The program automatically infers a high level grammar based on the structural alignment that is uses in the construction of the grammar:
S:> loop_0
helix_3:( loop_1
helix_0:( loop_2
helix_0:) loop_3
helix_1:( loop_4
helix_1:) loop_5
helix_2:( loop_6
helix_2:) helix_3:) loop_7
loop_0:= LOOP 1
helix_3:= BULGEHELIX 7
loop_1:= LOOP 2
helix_0:= BULGEHELIX 4
loop_2:= LOOP 8
loop_3:= LOOP 1
helix_1:= BULGEHELIX 5
loop_4:= LOOP 7
loop_5:= LOOP 5
helix_2:= BULGEHELIX 5
loop_6:= LOOP 7
loop_7:= LOOP 1

This is a description of secondary structure with symbolic names.

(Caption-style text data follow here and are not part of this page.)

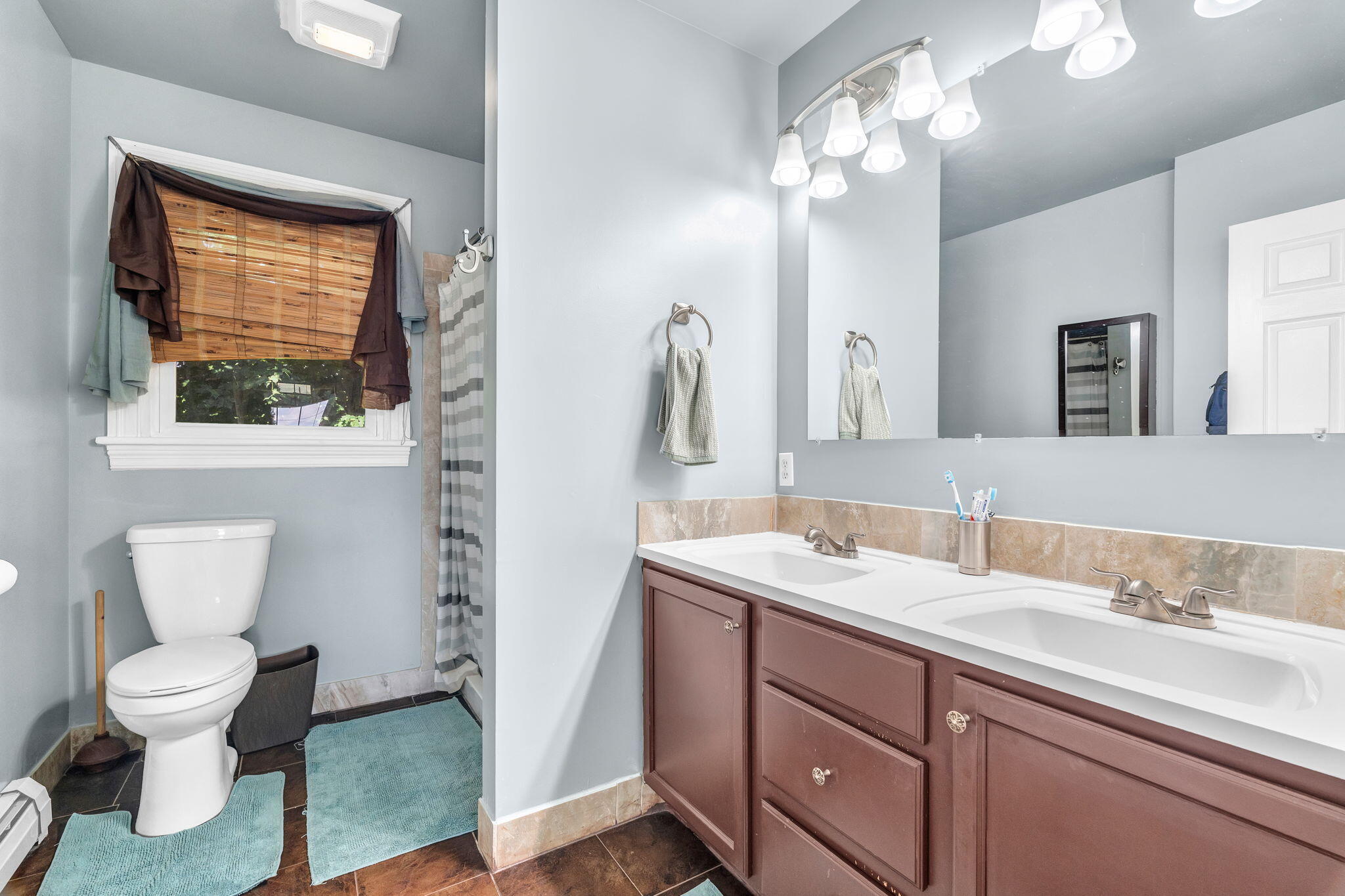 5 Chenault Street, Lewiston, ME 04240 32-web-or-mls-5-chenault-st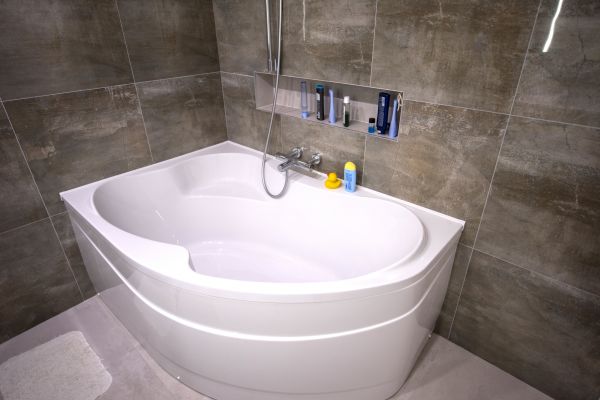 Large Bathtub Installation in San Antonio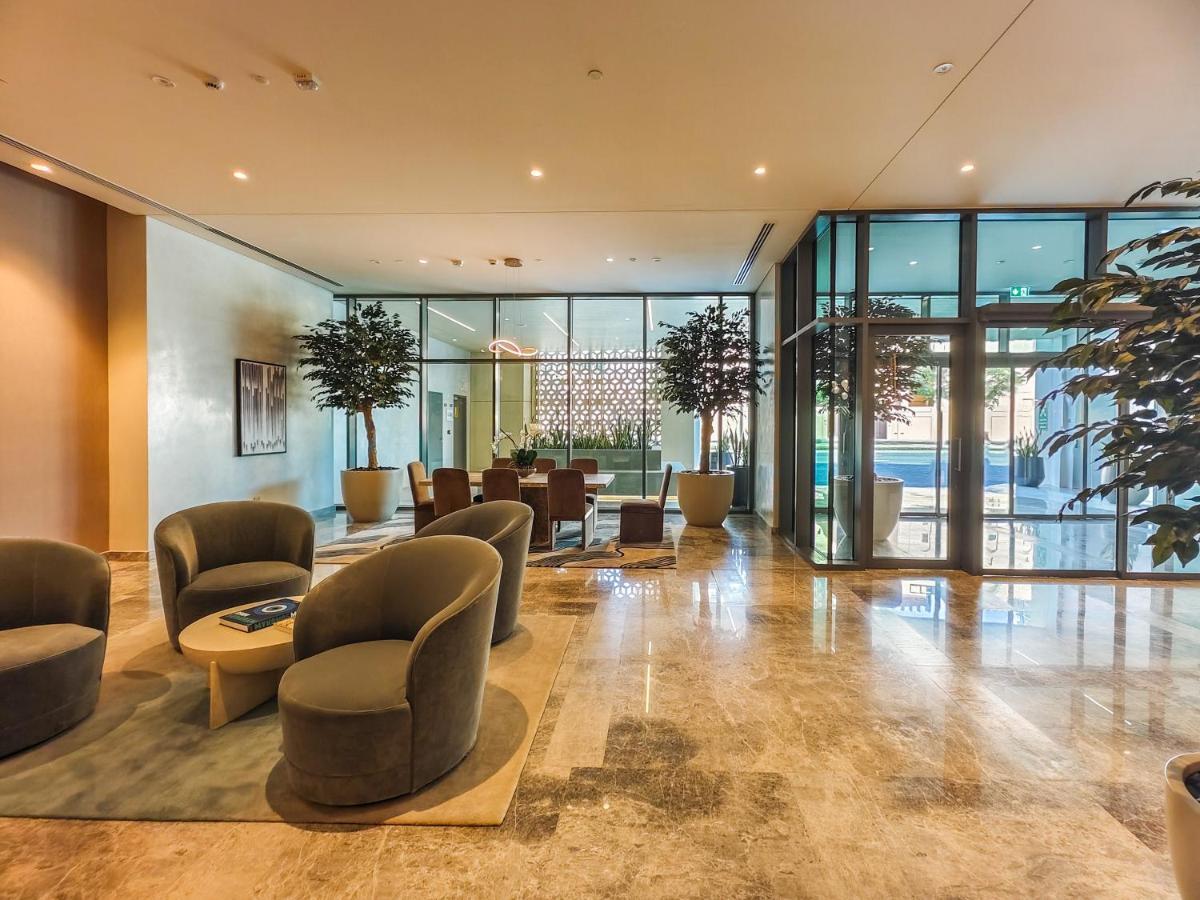 Superior 1br In Burj Royale - Downtown * Dubai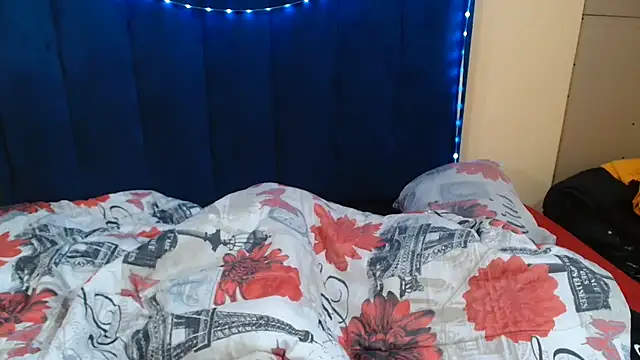 HotCreamyTea webcam
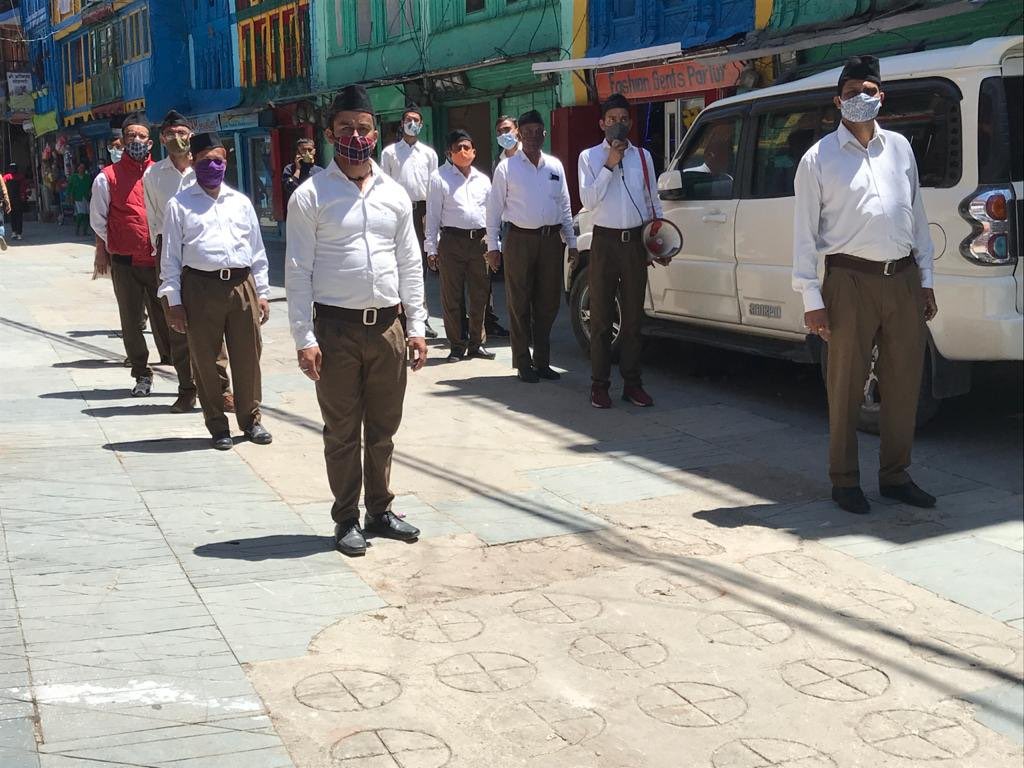 friendsofrss's tweet photo. RSS volunteers are spreading awareness about #COVID19 and Vaccination program in Almora, Uttarakhand. https://t.co/0TkdJXl09t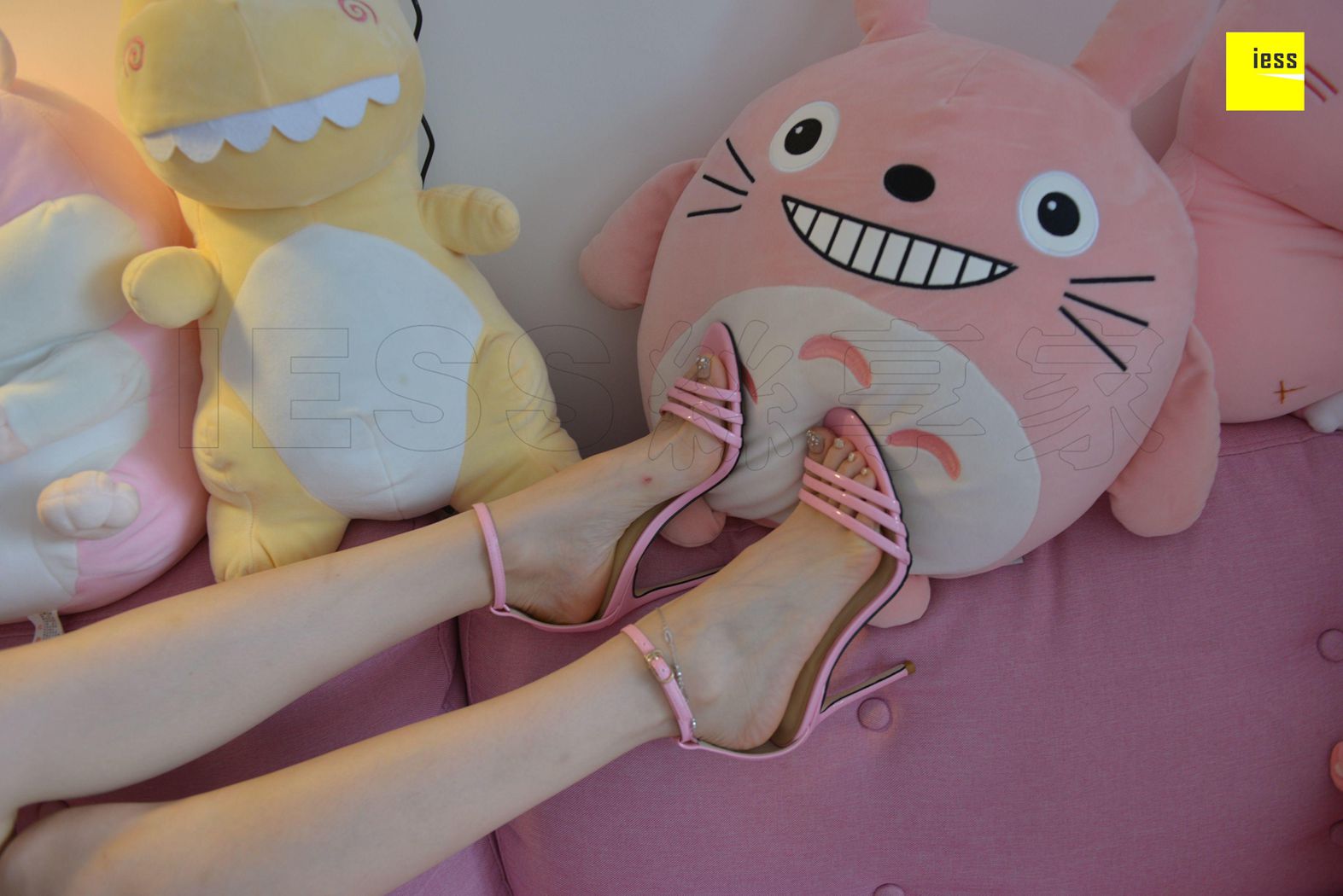 图片[82]-[IESS异思趣向] 2018.05.09《魔鬼周三》特刊17期：粉红仲夏梦 在线浏览 – 速更版-美库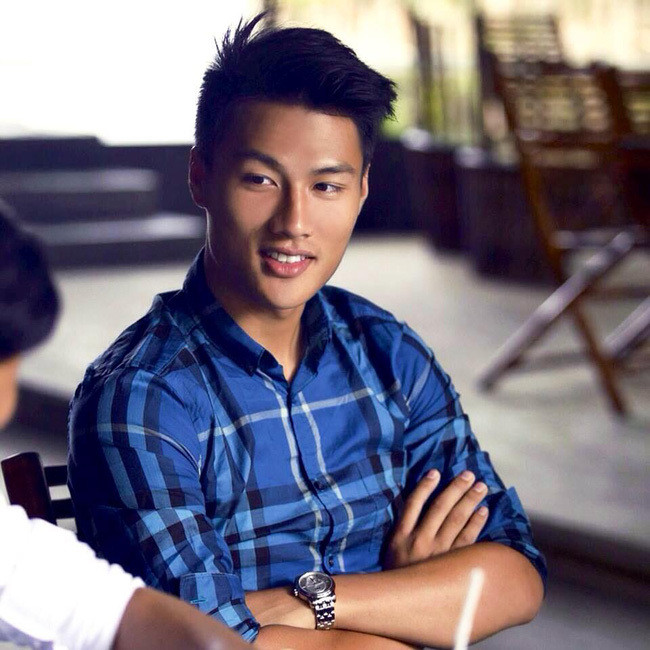 Thế nhưng, chuyện tình giữa anh cùng bạn gái Ly Kute khi ấy đã ảnh hưởng không nhỏ tới sự nghiệp của Hồng Quân.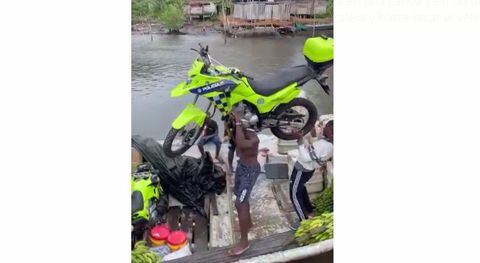 En redes sociales circula un video donde se ve a un hombre levantando y cargando en sus hombros una pesada motocicleta de la Policía.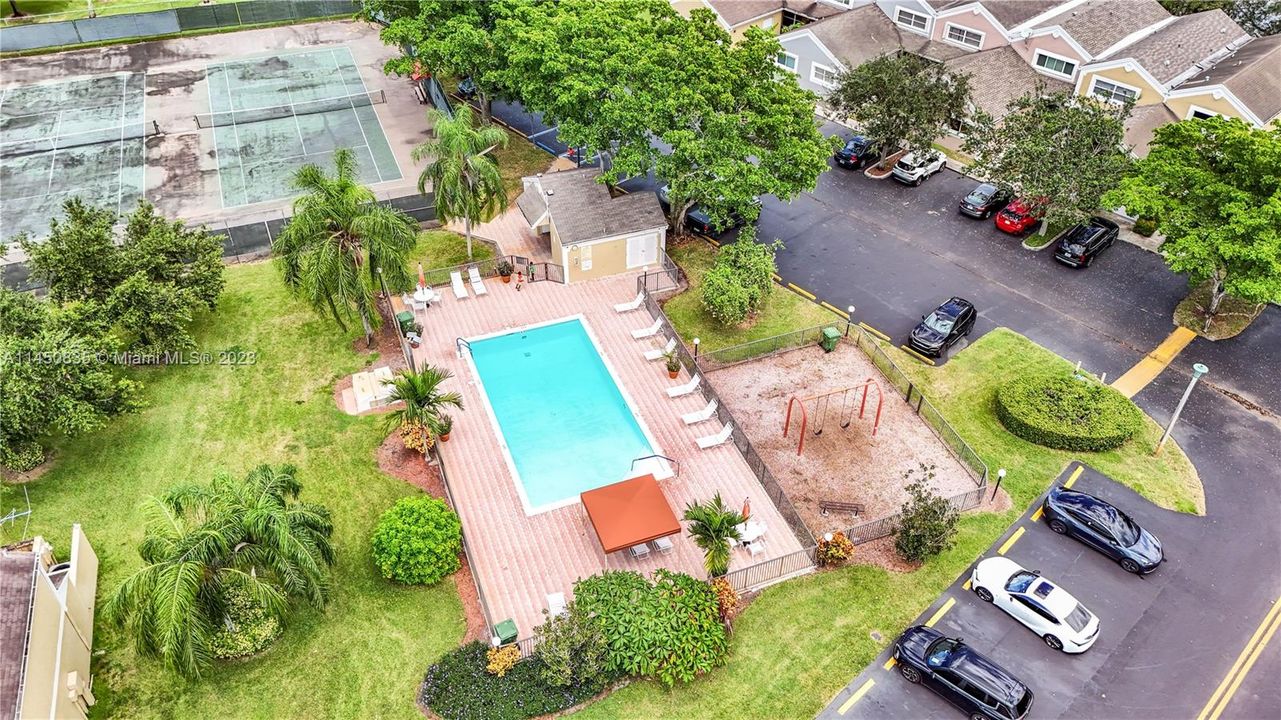 最近售出: $470,000 (3 贝兹, 3 浴室, 1802 平方英尺)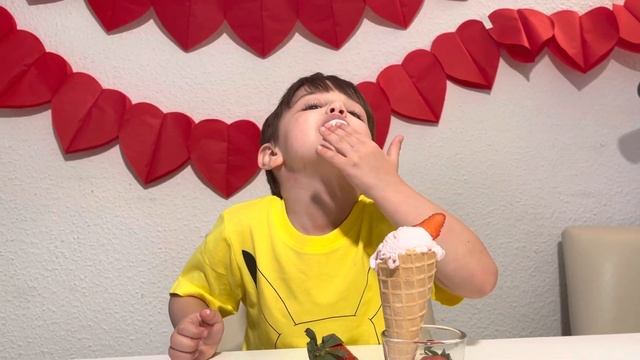 Ali Akel macht Eis mit M&Ms Marshmella Oreo Kiwi Banane Erdbeere Blaubeere| Мороженое| Ice cream
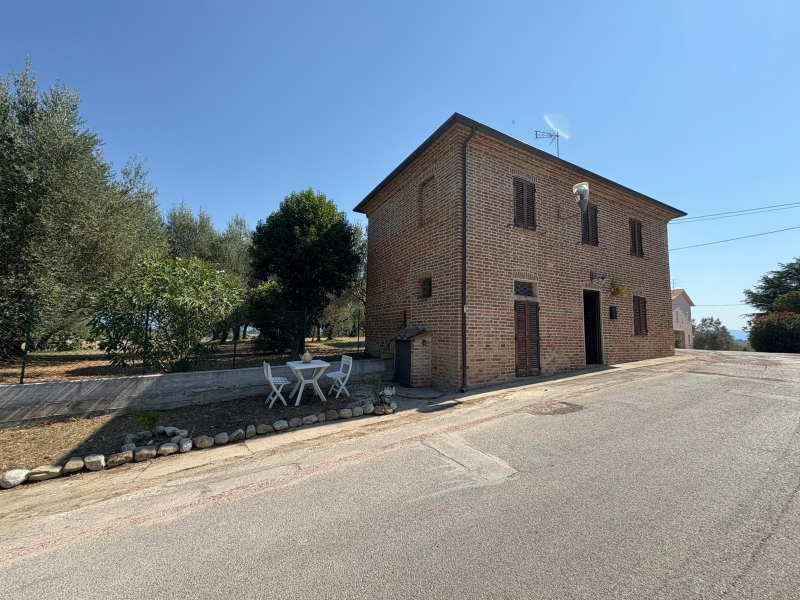 Casa indipendente ristrutturata a Castiglione del Lago
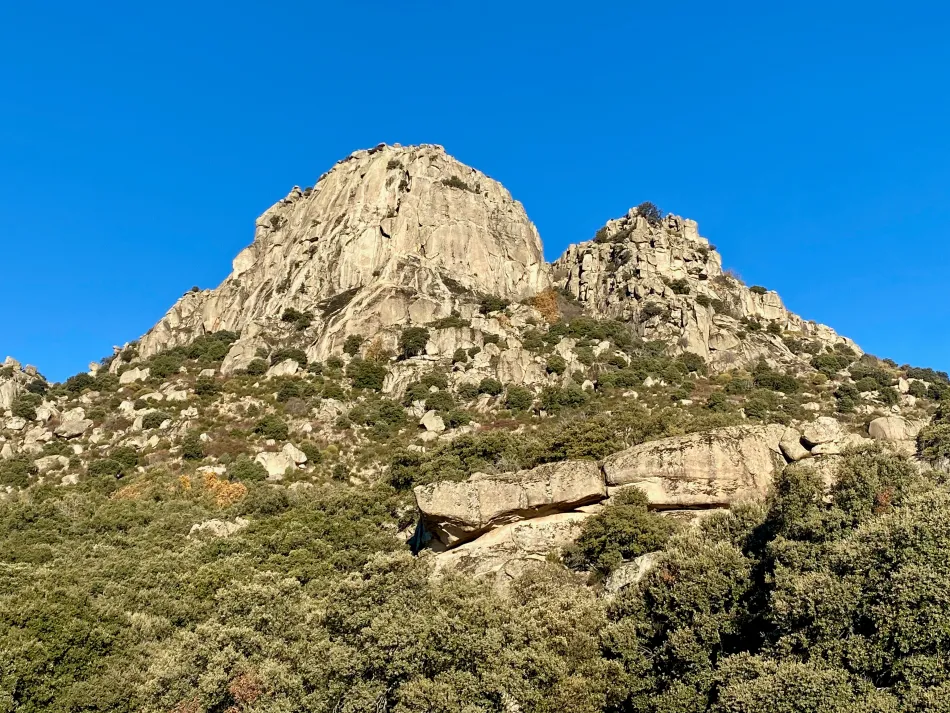 ⛰️ Pico de la Miel y Cancho Gordo: La Conquista del Granito en La Cabrera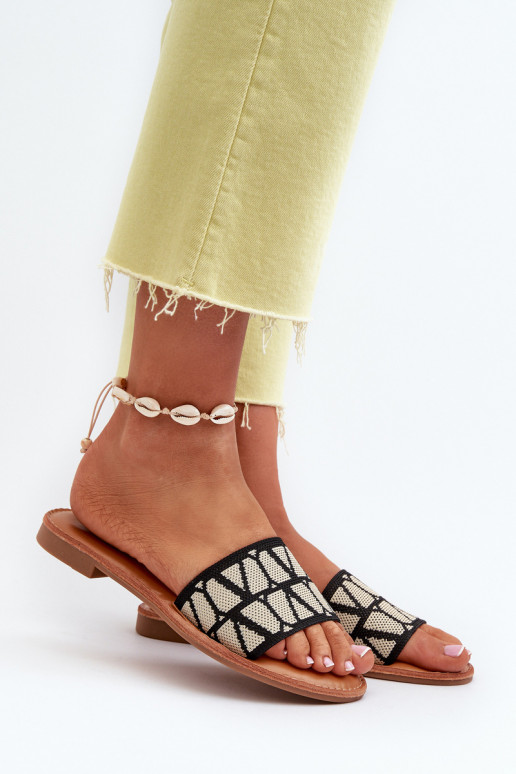 Dámske šľapky na širokých podpätkoch čiernej farby Traivea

The special modifiers ":(" and ":)" represent the 5' and 3' sides of a helix. The modifier ":>" defines high level structure. The modifier ":=" defines low level structures such as loops and helices. The numbers in low level structures give the average length of the structure.  Here helix_3 represents the acceptor stem and helix_1 is the anti-codon stem. The anti-codon is contained in loop_4. You can therefore determine the anti-codon of a trna by parsing it and searching for what bases the nonterminals starting with loop_4 derive.



File Contents:

Here is a list of all files in the directory:
 

File

Meaning

correct.ma  Correct tRNA multiple alignment with basepairing indicated.
new.parse  Parse of the new sequences created in the tutorial.
new.seq  Sequences to be used in the tutorial.
newall.parse  Parses of training sequences and the new sequences created in tutorial.
result.align.0
result.align.1
result.align.2
 Alignment of the training set for the three iterations of training.
result.constraints.0
result.constraints.1
result.constraints.2
 Constraints on the parses for three iterations. If you do not have the HMM package the .1 and .2 files will have zero length.
result.hmm.0.mod
result.hmm.1.mod
result.hmm.2.mod
 HMMs for the training set for three iterations. Will not be present without the HMM package.
result.meta  A high-level description of the tRNA multiple alignment created by the training script.
result.parse.0
result.parse.1
result.parse.2
 Parses of the training set for three iterations.
result.seq  The training set sequences pulled from the training multiple alignment.
result.tdgrammar  A grammar with garbage probabilities.
result.tdgrammar.0
result.tdgrammar.1
result.tdgrammar.2
 Estimated grammars for the three iterations.
result.tdgrammar.FIM.2  The final grammar with FIMs that allow junk sequence on the begining and the end.
result.tdgrammar.null  A grammar with prior probabilities (estimated with NO sequences, just the prior)
runtRNA.exe  The script that trains the grammar
trna.ma  Input multple alignment of tRNA.
trna_1.bp  Input list of basepairs for the typical sequences that is used to infer basepairs for the multiple alignment.
trna_1.constraints  A list of constraints on the typical sequence that forces the parse to correctly account for basepairs. 
trna_1.parse  A parse of the typical sequence that correctly accounts for basepairs.
trna_1.seq  Input primary sequence of the typical sequence.
tutorial_tRNA.html  This tutorial file.